Adapun modus operandi yang dilakukan Ahyudin dan Presiden ACT, Ibnu Khajar melakukan dugaan penyimpangan sebagian dana sosial dari pihak Boeing tersebut untuk kepentingan pribadi masing-masing berupa pembayaran gaji dan fasilitas pribadi.
“Bahwa pasca kejadian kecelakaan tersebut, para ahli waris korban dihubungi oleh pihak yang mengaku dari ACT meminta untuk memberikan rekomendasi kepada pihak Boeing untuk penggunaan dana CSR tersebut dikelola oleh pihak ACT, dimana dana sosial/CSR diperuntukan membangun fasilitas pendidikan sesuai dengan rekomendasi dari ahli waris para korban,” ujar Ramadhan.
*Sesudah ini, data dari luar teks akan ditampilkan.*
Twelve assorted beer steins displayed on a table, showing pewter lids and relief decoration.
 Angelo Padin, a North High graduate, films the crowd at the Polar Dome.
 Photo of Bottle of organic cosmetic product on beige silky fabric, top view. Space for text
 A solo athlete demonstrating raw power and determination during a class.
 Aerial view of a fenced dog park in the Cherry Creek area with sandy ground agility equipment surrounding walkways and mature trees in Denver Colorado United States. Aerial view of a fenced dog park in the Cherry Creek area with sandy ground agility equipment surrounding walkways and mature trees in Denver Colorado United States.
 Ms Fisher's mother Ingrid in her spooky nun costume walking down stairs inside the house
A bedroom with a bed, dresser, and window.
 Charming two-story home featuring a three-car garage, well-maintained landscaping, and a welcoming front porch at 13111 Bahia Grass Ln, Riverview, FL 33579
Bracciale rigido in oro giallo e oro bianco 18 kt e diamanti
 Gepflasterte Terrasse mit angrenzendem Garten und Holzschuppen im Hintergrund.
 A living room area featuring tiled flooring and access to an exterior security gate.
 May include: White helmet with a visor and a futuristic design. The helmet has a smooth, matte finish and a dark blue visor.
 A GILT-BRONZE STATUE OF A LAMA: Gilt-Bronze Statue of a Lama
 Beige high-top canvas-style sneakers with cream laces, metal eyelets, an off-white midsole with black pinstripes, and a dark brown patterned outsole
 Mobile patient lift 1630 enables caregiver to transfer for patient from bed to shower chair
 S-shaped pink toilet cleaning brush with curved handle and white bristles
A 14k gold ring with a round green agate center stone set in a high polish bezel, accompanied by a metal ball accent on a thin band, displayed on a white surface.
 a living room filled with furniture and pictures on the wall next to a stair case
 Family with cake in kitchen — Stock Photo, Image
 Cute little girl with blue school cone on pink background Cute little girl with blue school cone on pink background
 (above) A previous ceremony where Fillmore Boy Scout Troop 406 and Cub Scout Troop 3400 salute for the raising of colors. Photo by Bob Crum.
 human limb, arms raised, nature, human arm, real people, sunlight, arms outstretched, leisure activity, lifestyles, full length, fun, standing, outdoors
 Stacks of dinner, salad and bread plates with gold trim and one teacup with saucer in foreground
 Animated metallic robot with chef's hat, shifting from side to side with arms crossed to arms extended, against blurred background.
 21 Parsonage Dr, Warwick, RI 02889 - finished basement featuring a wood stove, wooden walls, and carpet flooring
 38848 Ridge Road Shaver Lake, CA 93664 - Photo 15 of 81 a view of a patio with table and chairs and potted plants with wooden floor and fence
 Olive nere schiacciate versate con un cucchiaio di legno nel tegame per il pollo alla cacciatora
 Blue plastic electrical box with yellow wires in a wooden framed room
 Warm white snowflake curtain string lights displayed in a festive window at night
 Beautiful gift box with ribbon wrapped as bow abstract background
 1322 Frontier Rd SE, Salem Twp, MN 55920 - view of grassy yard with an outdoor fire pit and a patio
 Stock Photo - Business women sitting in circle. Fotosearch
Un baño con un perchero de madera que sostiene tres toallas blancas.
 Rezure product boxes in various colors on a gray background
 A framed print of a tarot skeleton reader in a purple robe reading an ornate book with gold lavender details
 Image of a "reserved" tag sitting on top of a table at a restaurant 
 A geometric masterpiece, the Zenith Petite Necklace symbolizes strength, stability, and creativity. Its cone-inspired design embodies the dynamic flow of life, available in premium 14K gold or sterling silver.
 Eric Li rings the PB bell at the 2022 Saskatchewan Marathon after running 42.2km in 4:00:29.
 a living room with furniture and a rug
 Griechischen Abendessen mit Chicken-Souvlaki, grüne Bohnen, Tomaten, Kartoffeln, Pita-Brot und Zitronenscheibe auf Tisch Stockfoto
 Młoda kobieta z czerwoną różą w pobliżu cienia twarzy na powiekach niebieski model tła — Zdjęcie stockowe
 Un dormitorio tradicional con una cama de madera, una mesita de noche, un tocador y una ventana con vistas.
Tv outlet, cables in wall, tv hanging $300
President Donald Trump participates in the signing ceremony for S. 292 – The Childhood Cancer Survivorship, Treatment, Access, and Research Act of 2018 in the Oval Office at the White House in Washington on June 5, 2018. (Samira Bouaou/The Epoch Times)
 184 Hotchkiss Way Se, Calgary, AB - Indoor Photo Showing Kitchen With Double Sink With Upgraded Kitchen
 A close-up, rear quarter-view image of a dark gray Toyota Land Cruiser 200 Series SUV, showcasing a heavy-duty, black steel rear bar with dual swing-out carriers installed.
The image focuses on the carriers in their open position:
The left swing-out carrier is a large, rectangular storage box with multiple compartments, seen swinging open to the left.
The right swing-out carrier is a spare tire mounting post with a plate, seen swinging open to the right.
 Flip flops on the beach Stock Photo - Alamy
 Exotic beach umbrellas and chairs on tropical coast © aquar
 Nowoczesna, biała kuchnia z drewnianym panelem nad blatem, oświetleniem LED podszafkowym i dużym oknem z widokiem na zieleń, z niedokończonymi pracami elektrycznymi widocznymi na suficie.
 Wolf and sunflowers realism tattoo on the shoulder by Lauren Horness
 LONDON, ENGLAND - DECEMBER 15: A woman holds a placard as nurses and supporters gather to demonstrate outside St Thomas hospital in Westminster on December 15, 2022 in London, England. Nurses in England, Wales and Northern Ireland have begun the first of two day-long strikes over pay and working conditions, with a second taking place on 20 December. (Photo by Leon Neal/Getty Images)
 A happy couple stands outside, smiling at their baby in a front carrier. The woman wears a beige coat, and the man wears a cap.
Dalam kecelakaan pesawat Lion Air Boeing JT610, pihak Boeing memberikan dua jenis dana kompensasi yaitu dana santunan tunai kepada ahli waris para korban masing-masing sebesar USD 144.500 atau setara denga Rp2.066.350.000.
Dana tersebut tidak dapat dikelola langsung oleh para ahli waris korban melainkan harus menggunakan lembaga atau yayasan yang sesuai dengan persyaratan yang telah ditentukan oleh pihak Boeing, dimana salah satu persyaratan tersebut adalah lembaga/yayasan harus bertaraf internasional.
Akibat peristiwa ini, Ahyudin dan Ibnu Khajar akan dijerat pasal tindak pidana penggelapan dan atau penggelapan dalam jabatan dan atau tindak pidana informasi dan transaksi elektronik dan atau tindak pidana yayasan dan atau tindak pidana pencucian uang sebagaimana dimaksud dalam Pasal 372 KUHP dan atau; Pasal 374 KUHP dan atau; Pasal 45A Ayat (1) Jo Pasal 28 Ayat (1) Undang-Undang Nomor 19 Tahun 2016 tentang perubahan atas Undang-Undang Nomor 11 tahun 2008 tentang Informasi dan Transaksi Elektronik dan atau;
Pasal 70 ayat (1) dan ayat (2) Jo Pasal 5 Undang-Undang Nomor 16 Tahun 2001 sebagaimana telah diubah Undang-Undang Nomor 28 Tahun 2004 tentang perubahan atas Undang-Undang Nomor 16 Tahun 2001 tentang Yayasan dan atau; Pasal 3, Pasal 4, dan Pasal 5 Undang-Undang Nomor 8 Tahun 2010 tentang Pencegahan Dan Pemberantasan Tindak Pidana Pencucian Uang.
“Dengan ancaman Pidana paling lama 20 tahun dan denda paling banyak Rp10.000.000.000,” kata Ramadhan.